At the urging of staff at the U.S. Forest Service, Roosa took the seeds with him for scientific purposes — to compare how they would germinate and grow back on Earth alongside standard examples of the same species. In doing so, he also helped to create living tributes to NASA’s space program. Although Roosa did not actually bring the seeds to the moon’s surface, he spent 33 hours in solo orbit around the moon with approximately 500 seeds representing a variety of species.
After Apollo 14 returned to Earth, researchers became concerned when the seeds’ holding canister burst open during a decontamination procedure, scattering them and mixing them together. Fortunately, more than 400 of the seeds germinated and successfully grew into saplings under the care of the Forest Service in the years that followed.
Many of these saplings were planted around the country as part of celebrations honoring America’s bicentennial in the mid-1970s. The first of these trees was planted on May 6, 1975 in Washington Square, which is now part of Independence National Historical Park in Philadelphia, Pennsylvania. The tree, originally believed to be a sycamore, was later identified by local specialists as a London planetree, a common species in the region. Washington Square contains a memorial to George Washington and unknown soldiers of the American Revolution — an ideal site to commemorate the nation’s birth.

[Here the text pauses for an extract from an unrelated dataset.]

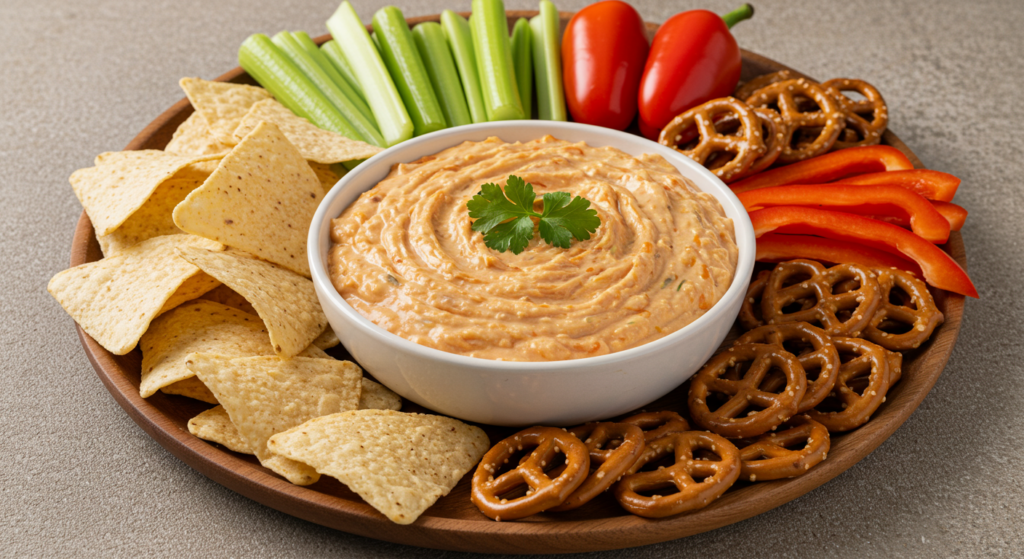Taco dip served with tortilla chips, fresh vegetables, and pretzels.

Roosa took part in the planting ceremony alongside federal and local officials, including the Forest Service chief, the mayor of Philadelphia and Forest Service mascot Woodsy Owl, who was famous for his motto at the time, “Give a hoot — don’t pollute!” A brochure for the event even touted the importance of trees to space exploration in general. “Tree by-products are vital for this exciting space age,” it declared, celebrating the virtues of rosin-core soldering flux and cellulose-based rocket propellants, among other high-tech tree uses.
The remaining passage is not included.